I don’t have the answers, but as a Black woman, I can’t help but notice that the loudest voices of despair are coming from white-bodied people. For many white Americans, this is the first time they have truly seen the face of evil that is the American empire, and it is heart-wrenching—it is overwhelming and, in a country built on notions of rugged individualism, it is jarring and makes people feel helpless.
I do know for many Black Americans, particularly Black women, this moment isn’t weighing on us in the same way that it is for our white counterparts. Make no mistake, we are concerned, and we have our own fears.

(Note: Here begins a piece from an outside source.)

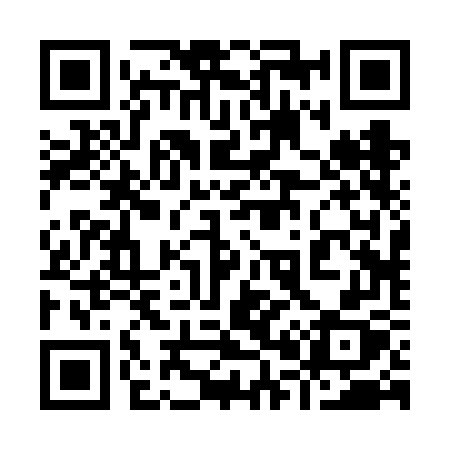 QR code for 9026GX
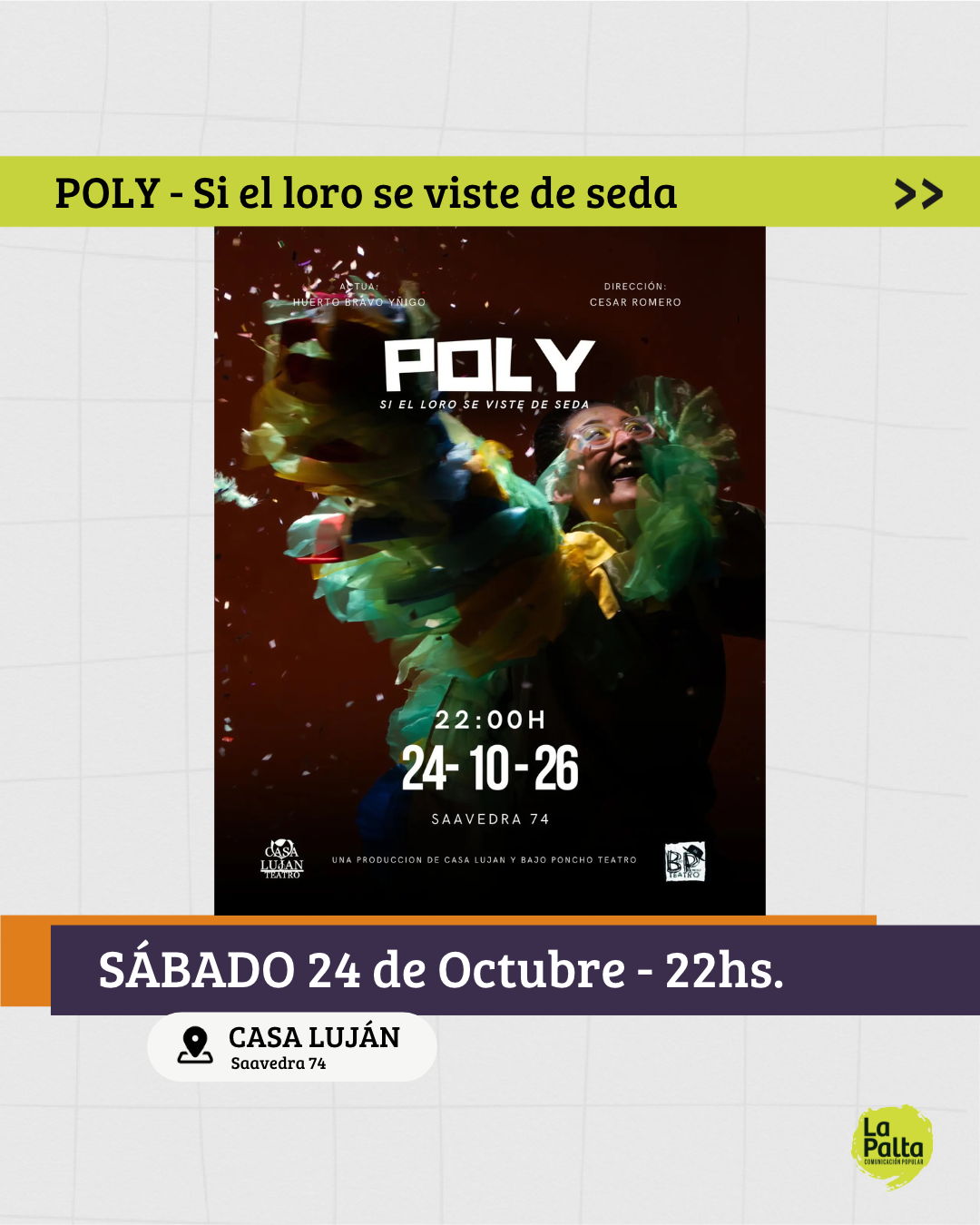Agenda cultural final de octubre (14).png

But to be Black in this country has always meant holding multiple truths: Knowing the harsh brutality of this country that has historically sought to destroy us but also managing to create the joy that has kept our people alive despite this country’s insistence on trying to destroy us.

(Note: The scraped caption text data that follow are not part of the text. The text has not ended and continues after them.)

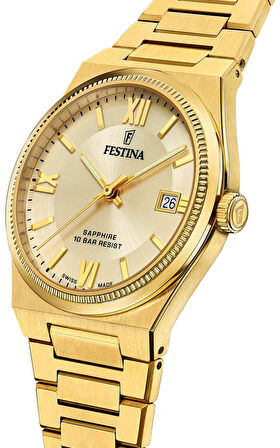 Festina FSW.F20038-2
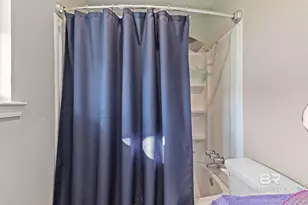 22170 Fairway Dr, Robertsdale, AL 36567 - Photo 24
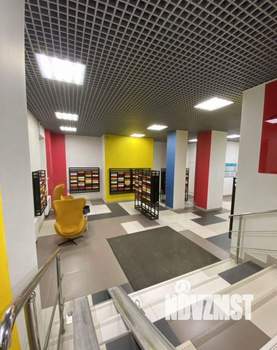 2-к квартира, на длительный срок, 40м2, 13/30 этаж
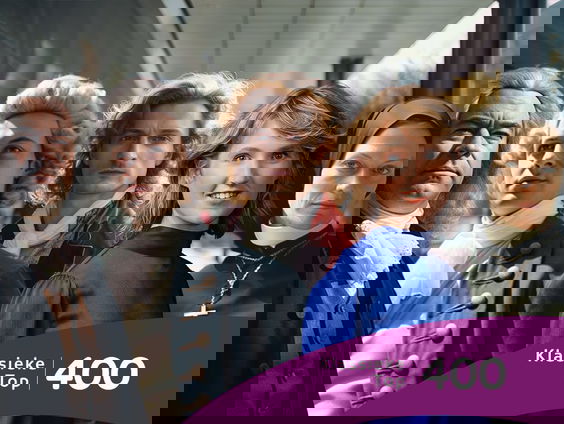 Donderdag 12 oktober: 21:00 - 23:00 uur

If anything, this administration lays bare the reality that we have always known—the reality that our parents, grandparents, and great grandparents made sure we understood. The reality that the empire was never here for us, and we would have to fight, resist, navigate the rounds and responsibilities of daily life, and live and find joy.

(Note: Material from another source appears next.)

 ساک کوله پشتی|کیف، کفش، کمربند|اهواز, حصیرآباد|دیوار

It is that cultural and ancestral knowledge that led Black women to call for rest after Kamala Harris lost to Donald Trump. It is why in the months since the election, social media images of Black women outside of the political arena has been one of joy, as Black women have taken to line dancing and donning cowboy boots and fans, while grooving to “Boots on the Ground.” Black women from Michelle Obama and Kamala Harris to the regular sistas in the community have all been spotted online doing the Boots on the Ground dance.
To the outsider, to see Black women reveling in a line dance while the country is overtaken by fascism and the return of overt hatred can seem jarring—and yet, it is that joy that has always led Black women to go above and beyond in the work of freedom. It is the ability to break bread, laugh and move, and take joy in whatever form available that has strengthened our organizing, formed deeper bonds, and kept us grounded in the work.
Black women in this country used to have to take care of the white man’s home and raise and feed those white children. Sometimes from their own breast but still we made time from the scraps of time left to nourish and sustain our own families. To create hope in our own families when all seemed hopeless.
Black and brown women in the United States have always had to exist in a state of duality and wear many hats and, if anything, our white counterparts will need to learn how to move to that state of duality as fascism grows more entrenched in our systems.
Existing in the worst of circumstances requires an intentionality around how you will live, knowing when to pick up and when to put down while never losing sight of the larger picture and your collective humanity. It is knowing that there is no perfection and allowing yourself the grace to be messy as needed—as well as extending that grace to others. It is also a letting go of what was as we lean into what is, while building ahead.
This moment, while terrifying, is also an opportunity to build something better if we can stop clinging to the “should.” The shoulds no longer serve us, as the checks and balances fail to protect us. Instead we must face reality and accept that safety is no longer a given, reaching for joy in the storm and letting that joy hold us in the hard moments.
That is how we will all survive.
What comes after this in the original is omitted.